Perhaps photographer Horn’s desire to capture a sense of emotion and intimacy over time is also inspired by the far more successful series on a similar theme by Nicholas Nixon, installed in the apartment gallery upstairs. Nixon’s deservedly-famous documentary project portrays the four Brown sisters in group photographs taken over a 30-year span. The resulting portraits are astonishingly revealing and uninhibited, the women completely at ease before the camera and with each other. Particularly remarkable is the variety that Nixon achieves within the tight limits of his formula — the photographs are all identical in format, the sisters always in the same order, yet the resulting compositions manage to be both surprising and inventive, the depicted connections between the women always evolving. Although these photos have been included in many books, it’s instructive to see the original works, as the images are taken with a large format camera and contact printed for maximum detail and resolution.

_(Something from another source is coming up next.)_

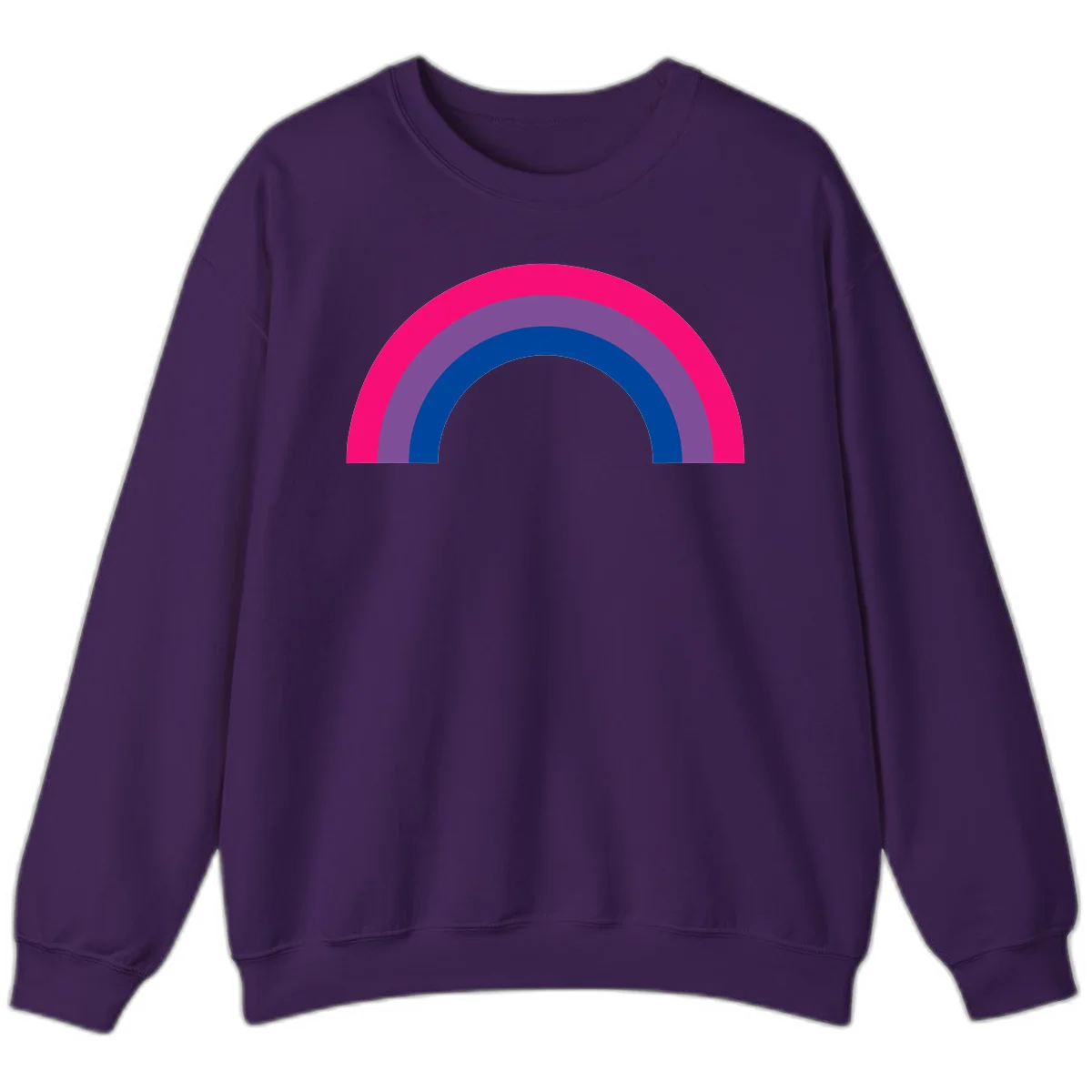 Concentric rainbow pride design featuring four nested semicircular arcs in hot pink, purple, dark blue, and gray. in Purple
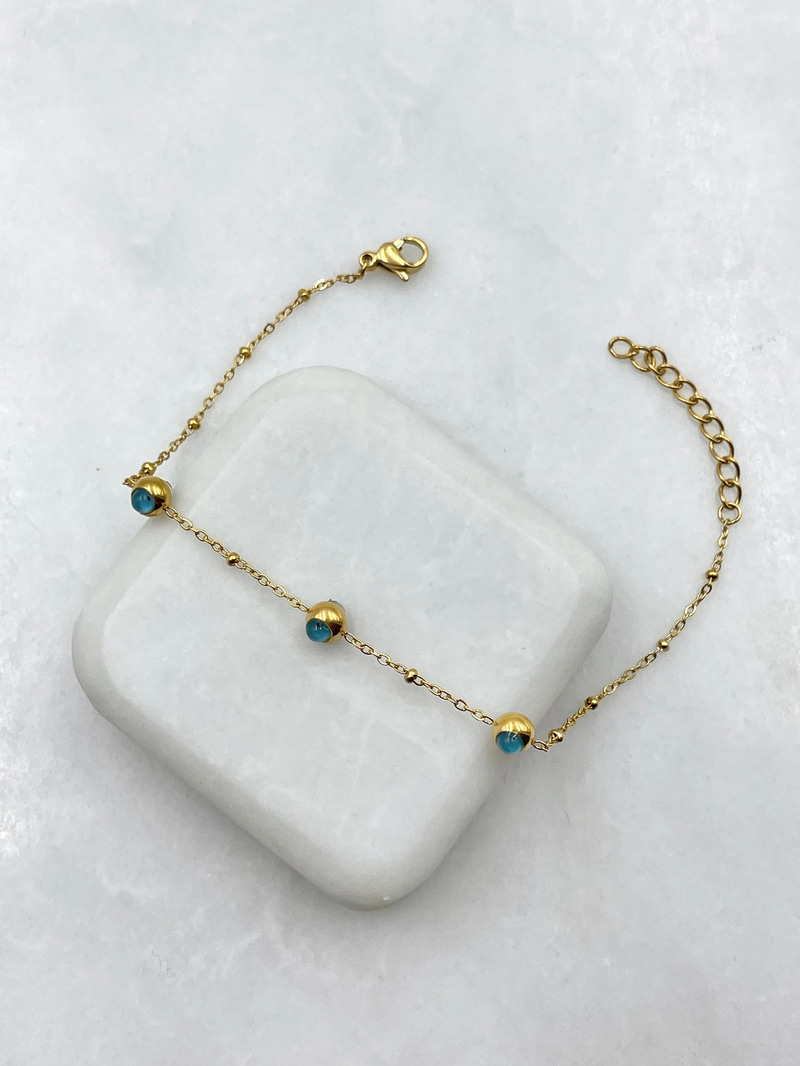 Üçlü Minimal Nazar Bileklik Gold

Also engaged by the theme of time and mortality is Seattle-based video artist Gary Hill, here represented by a harrowing but powerful work from 2000 entitled "Wall Piece". In the video, projected life-size, Hill appears to throw himself repeatedly against the gallery wall, each impact punctuated by a burst of strobe light and the concussive sound of a body hitting a solid surface. The artist recites — with difficulty — his own essay on aging and disembodiment: “I feel (BAM) abandoned by the (BAM)...real I’m (BAM) going, watching (BAM) myself go (BAM)...movement (BAM) eludes me.” What is this wall, and why is the artist throwing himself against it? Is it the barrier between him and us, between the depicted and the actual, or is it that thin membrane separating life and death? Is the rawness of the physical act meant to shock, or simply to denote frustration? What is our role in this drama, as spectator?

When a piece of contemporary art works, it can bring up such issues in a fresh and unexpected way, doing something important, for perhaps the first time. This is the attraction in collecting such works, but it is also the challenge. After the passage of time, an inevitable sorting process makes the job of the museum or collector much simpler — witness the relatively short list of artists now considered significant from the 1940s or '50s. For collectors like the Trues, on the other hand, devoted to the art of Now, there are far fewer guideposts as to what’s worthwhile, other than the judgment of a relatively small group of dealers, curators and critics, the wisdom of the marketplace, and their own intuition. The resulting collection, with its hits and misses, is certain to provide interesting viewing at the Western Bridge for some time to come, the best local vantage point that we have, besides the Henry, on the Latest, if not necessarily, the Greatest.